• DATA RECORDS
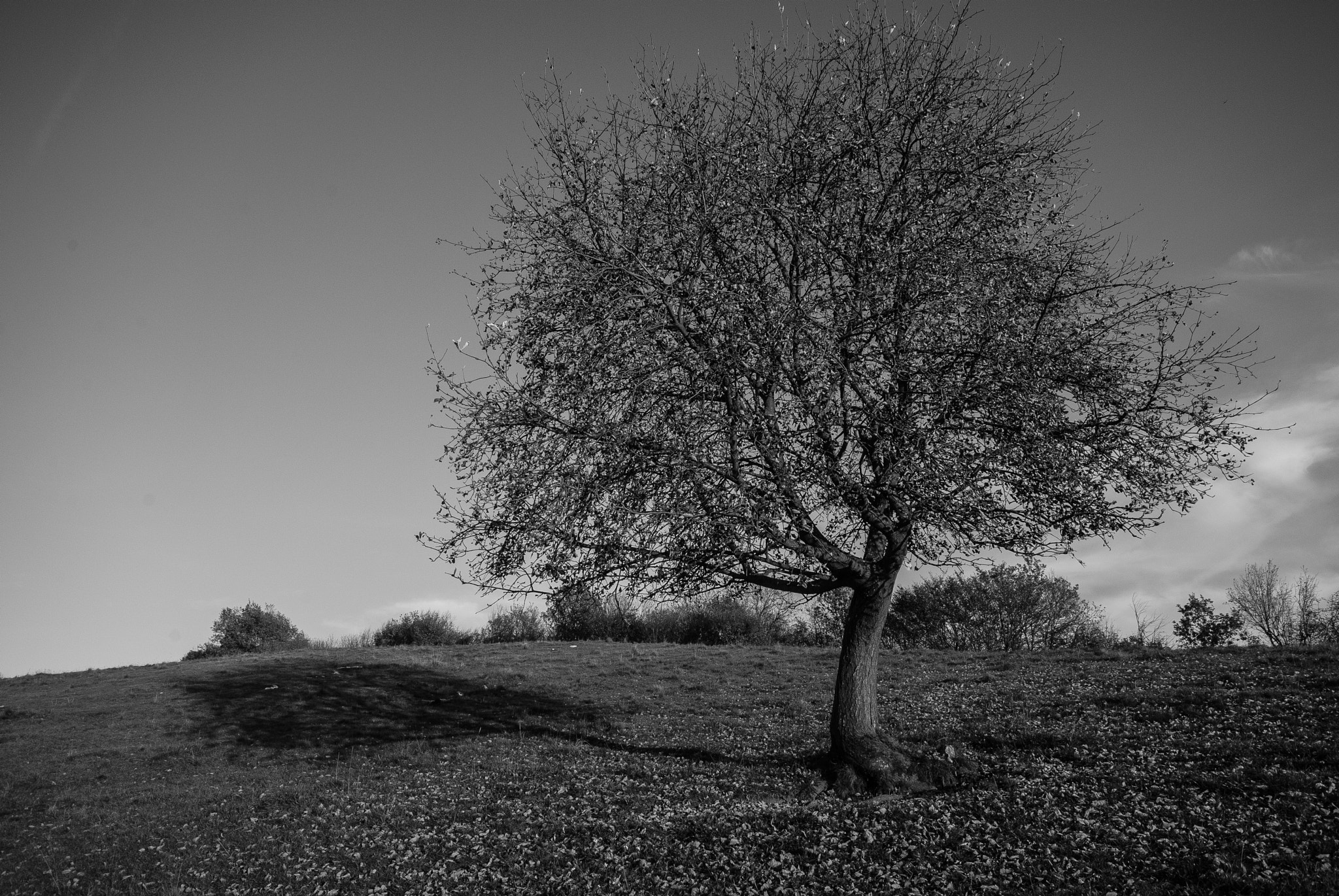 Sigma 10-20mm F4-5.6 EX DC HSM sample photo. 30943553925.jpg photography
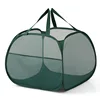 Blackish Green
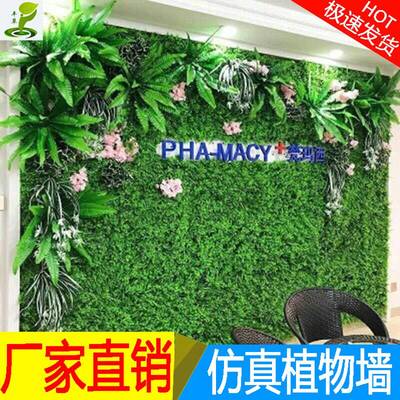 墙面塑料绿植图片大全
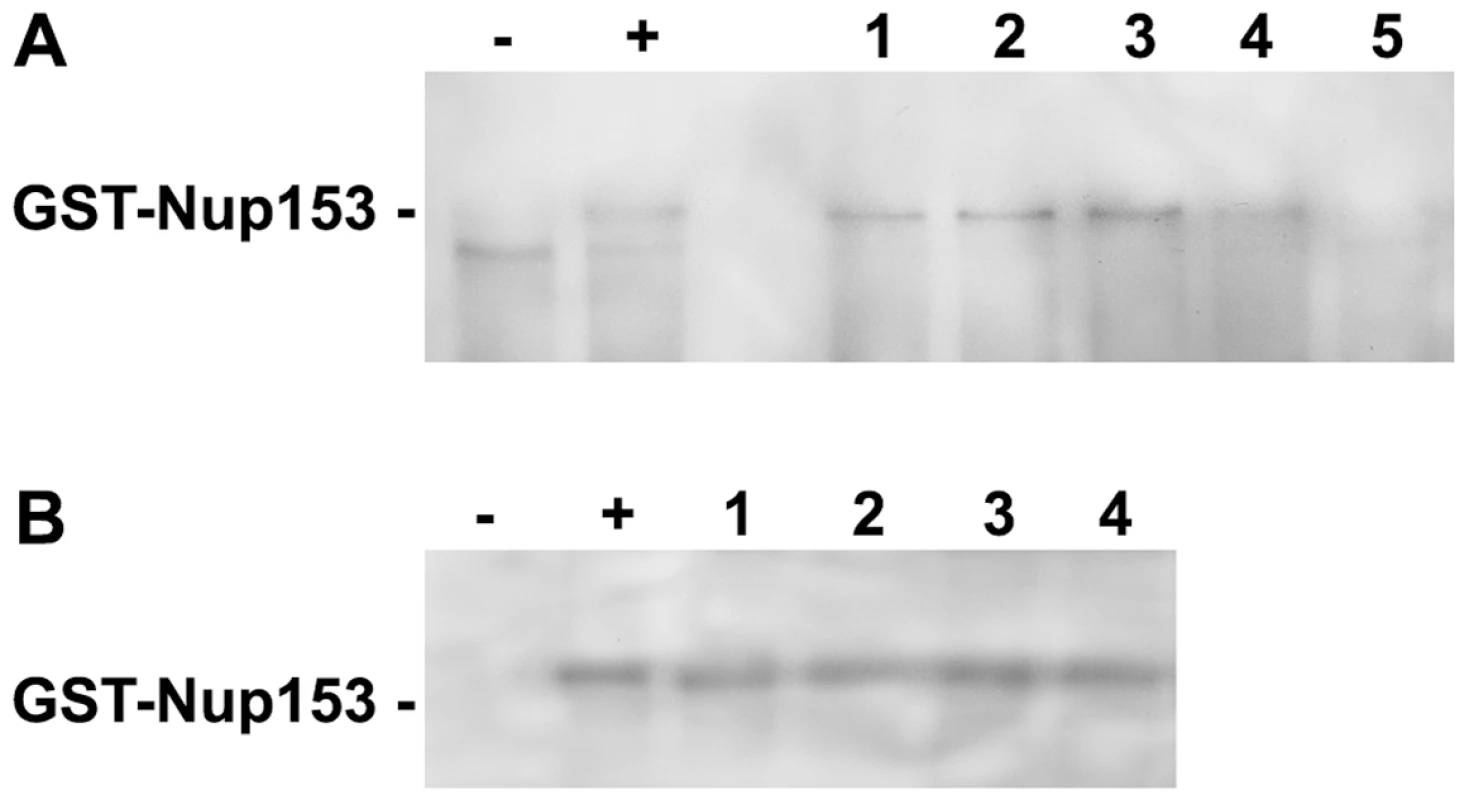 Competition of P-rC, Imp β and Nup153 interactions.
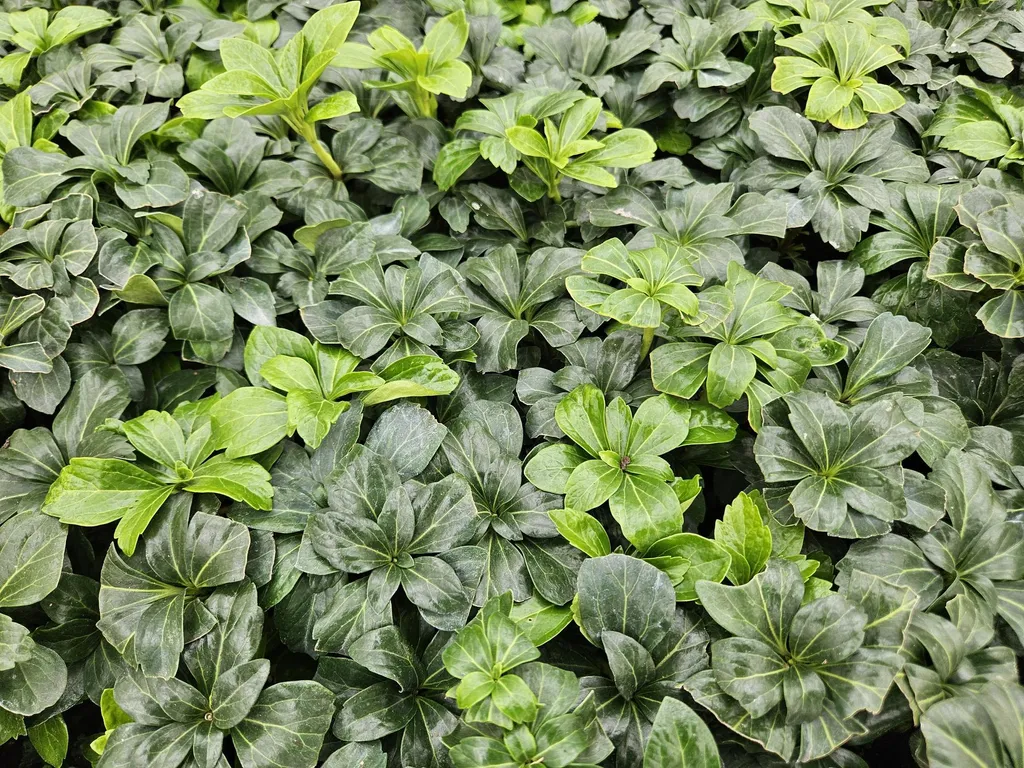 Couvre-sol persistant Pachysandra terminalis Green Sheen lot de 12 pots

--

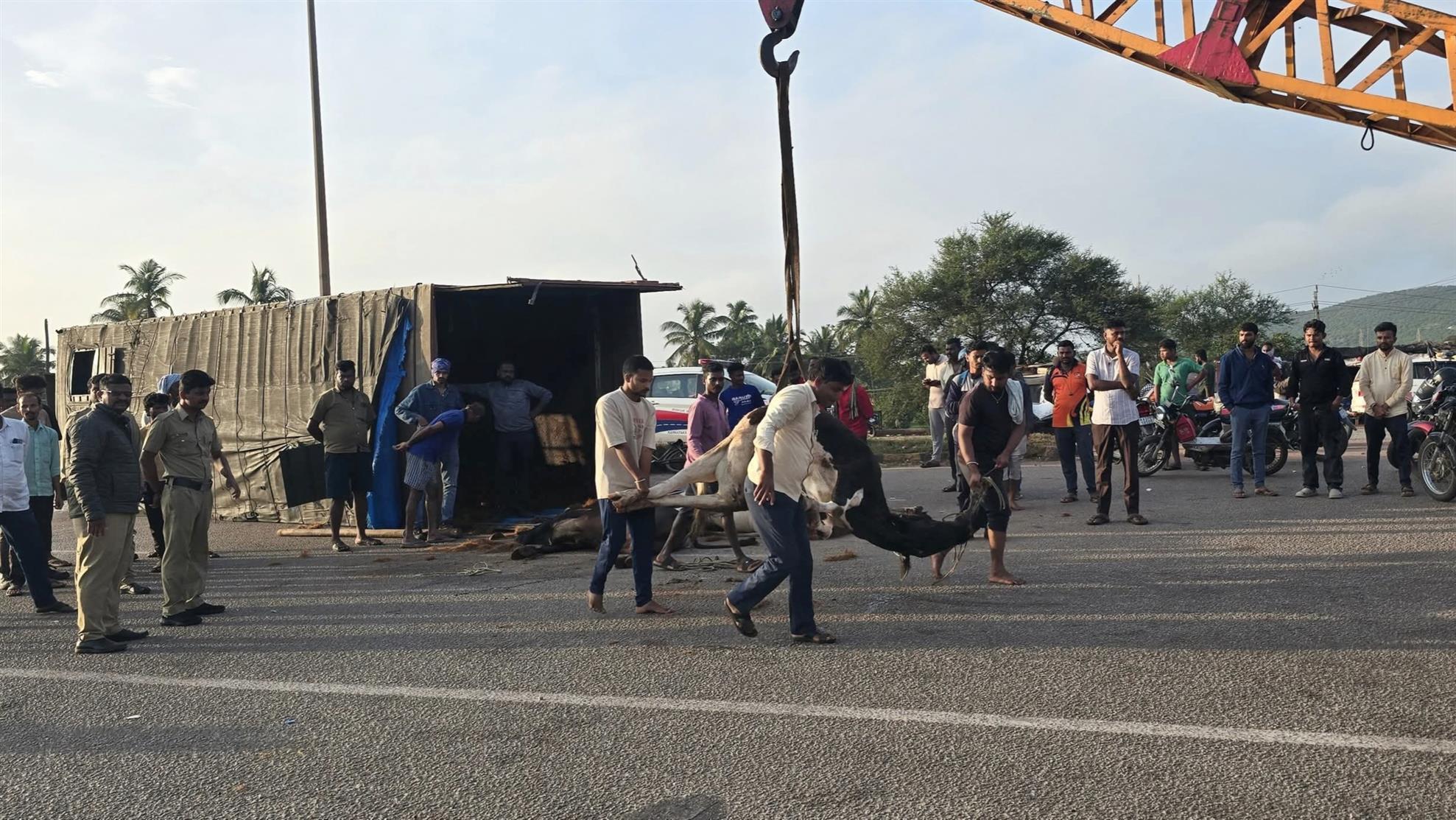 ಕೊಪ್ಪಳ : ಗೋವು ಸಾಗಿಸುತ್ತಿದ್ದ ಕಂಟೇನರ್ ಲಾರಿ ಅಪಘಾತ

• EXERCISE OBJECTIVE
The reply should hold exactly the lines above, starting at the line with "Sigma 10-20mm F4-5.6" and ending at the line with "Couvre-sol persistant Pachysandra", and no pictures.

• SOLUTION TO THE EXERCISE
 Sigma 10-20mm F4-5.6 EX DC HSM sample photo. 30943553925.jpg photography
 Blackish Green
 墙面塑料绿植图片大全
 Competition of P-rC, Imp β and Nup153 interactions.
 Couvre-sol persistant Pachysandra terminalis Green Sheen lot de 12 pots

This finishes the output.